Exercise prompt:
Starting at the line containing "The elements in the" and ending at the line containing "Impeachments are rare", transcribe the listing below exactly. Keep both end lines, skip the pictures, and copy nothing else.
═══ Input for this task ═══
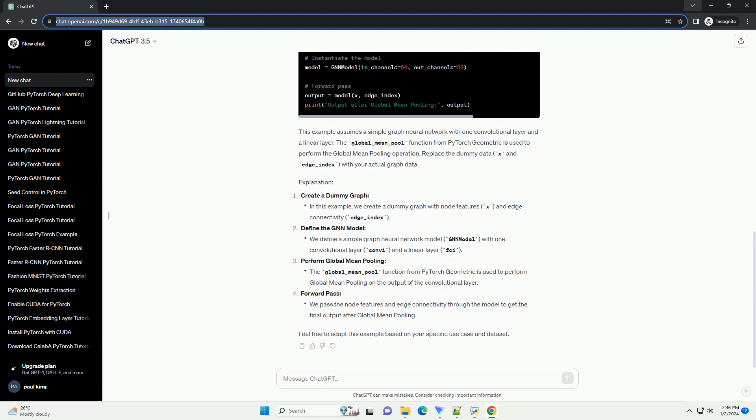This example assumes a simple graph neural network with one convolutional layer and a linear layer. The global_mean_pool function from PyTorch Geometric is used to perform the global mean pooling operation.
═══
═══ Input for this task ═══
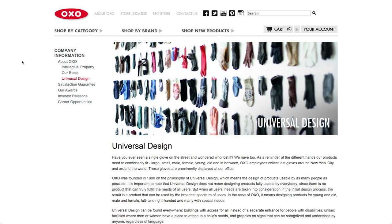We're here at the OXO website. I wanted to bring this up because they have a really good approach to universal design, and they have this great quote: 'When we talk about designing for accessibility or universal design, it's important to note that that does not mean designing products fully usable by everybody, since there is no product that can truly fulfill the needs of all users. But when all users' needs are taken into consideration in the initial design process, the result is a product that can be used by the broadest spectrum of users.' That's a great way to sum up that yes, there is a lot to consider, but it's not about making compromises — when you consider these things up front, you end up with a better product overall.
═══
═══ Input for this task ═══
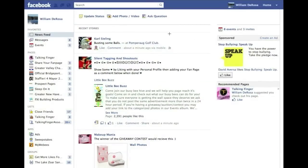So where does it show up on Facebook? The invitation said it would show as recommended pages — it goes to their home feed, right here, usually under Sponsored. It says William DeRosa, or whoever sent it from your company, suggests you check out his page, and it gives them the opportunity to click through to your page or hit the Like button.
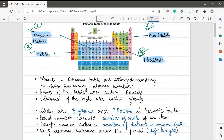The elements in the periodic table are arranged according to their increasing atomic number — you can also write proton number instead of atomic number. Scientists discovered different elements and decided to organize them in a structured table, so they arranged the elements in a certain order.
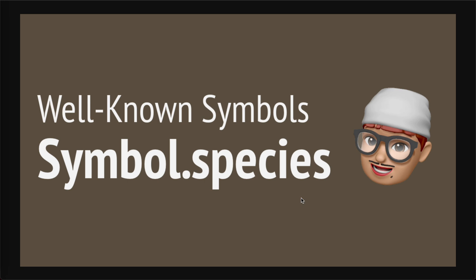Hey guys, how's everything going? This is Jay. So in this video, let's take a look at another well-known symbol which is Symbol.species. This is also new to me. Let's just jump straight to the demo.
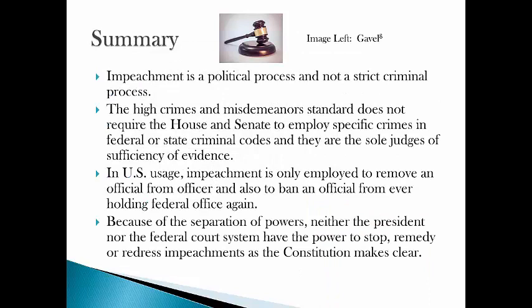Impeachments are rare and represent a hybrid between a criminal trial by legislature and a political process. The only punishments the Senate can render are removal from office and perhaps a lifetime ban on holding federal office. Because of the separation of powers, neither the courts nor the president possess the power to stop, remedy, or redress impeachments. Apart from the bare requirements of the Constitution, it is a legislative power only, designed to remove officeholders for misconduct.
═══
Task output:
The elements in the periodic table are arranged according to their increasing atomic number — you can also write proton number instead of atomic number. Scientists discovered different elements and decided to organize them in a structured table, so they arranged the elements in a certain order.
Hey guys, how's everything going? This is Jay. So in this video, let's take a look at another well-known symbol which is Symbol.species. This is also new to me. Let's just jump straight to the demo.
Impeachments are rare and represent a hybrid between a criminal trial by legislature and a political process. The only punishments the Senate can render are removal from office and perhaps a lifetime ban on holding federal office. Because of the separation of powers, neither the courts nor the president possess the power to stop, remedy, or redress impeachments. Apart from the bare requirements of the Constitution, it is a legislative power only, designed to remove officeholders for misconduct.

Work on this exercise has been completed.